You’ve probably heard about the colour and pop of Indian weddings. In contrast to the white dresses and formality of western nuptials, Indian weddings are generally explosions of glitter and pink and ladoos. Punjabi weddings certainly hold true to this form and, some may say, go even further. My fiancé Jaimal being half Punjabi himself, I have had to study these traditions in preparation for our own wedding celebration!
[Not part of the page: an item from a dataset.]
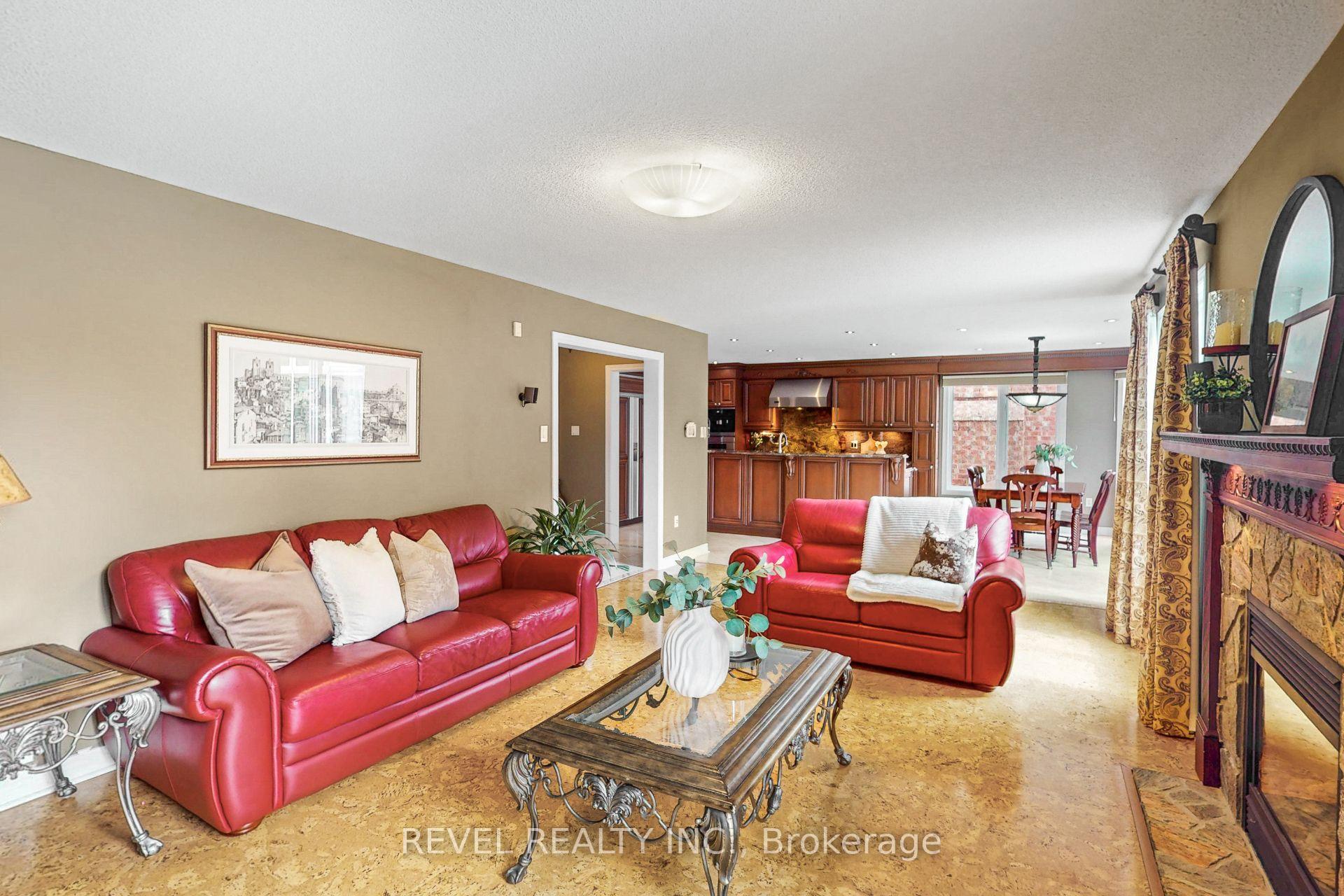 Photo 12 of 6872 Round Leaf Court, Mississauga, Lisgar — HOMEH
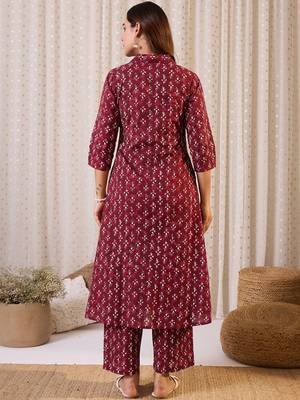 Women Floral Printed Pure Cotton Anarkali Kurta with Trouser 4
In February, Jaimal and I were invited to a wedding in rural Punjab by a new friend of ours Jassi. Her bud Baldev was getting married in the village where he grew up and, in true Indian fashion, everybody was invited. The photo essay above details the three days of the 10 day event (!) that we attended in the small village of Sukkar Chak, 12 km from the border of Pakistan. While each hour of our visit produced a story unique and worth telling, these photos summarize the wondrous experience. Click on the images for snippets of what we were part of that weekend.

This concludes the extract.